Yang berkesimpulan, (1) Tidak ada masjid di dalam perumahan syariah tersebut, dan (2) Memberikan pernyataan perumahan khusus orang Islam bukan perumahan syariah atau islami. Sebabnya, islami atau syariah hanya menjadi daya tarik atau promosi kepada pembeli.

Secara arsitektur juga di dikritik oleh Siti bahwa penempatan ku’bah dan nuansa-nuansa simbol Islam tidak ada hubungannya dengan tingkat keislaman seseorang atau kualitas islam itu sendiri.

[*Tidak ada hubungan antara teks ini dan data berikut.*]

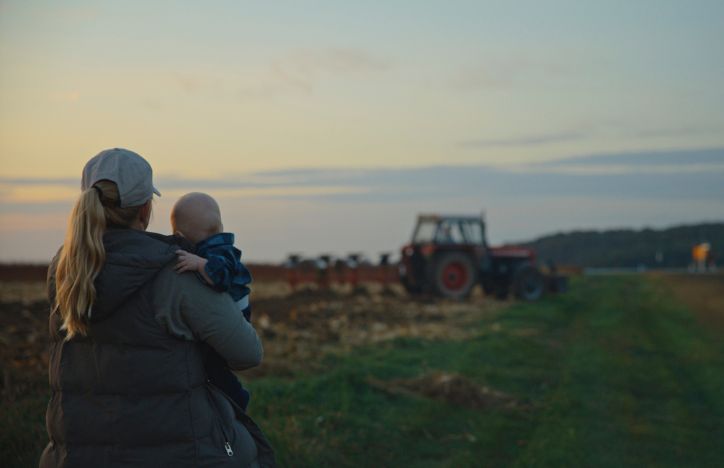 Mother And Baby Overlooking Farm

Lalu disambut dengan tulisan Aidan Raditya Prawira berujudul Menggugat Perumahan Beridentitas Islami (2021) di Alif.id, yang juga berkuliah di perencanaan wilayah dan kota Universitas Gadjah Mada di Yogya.

Tulisan yang apik ini membahas bagaimana perumahan syariah saat ini dibangun dengan hal-hal yang justru tidak menekankan nilai-nilai Islam, seperti membangun pagar yang tinggi, memisahkan jurang antara ‘si kaya’ yang tinggal perumahan Islami dengan rumah mewah dan tetangga yang kontras dengan keadaan rumah-rumah syariah tersebut. Jelas menjauh dari nilai Islam yang menekankan ikatan sosial dan persaudaraan dengan tetangga di sekitarnya.   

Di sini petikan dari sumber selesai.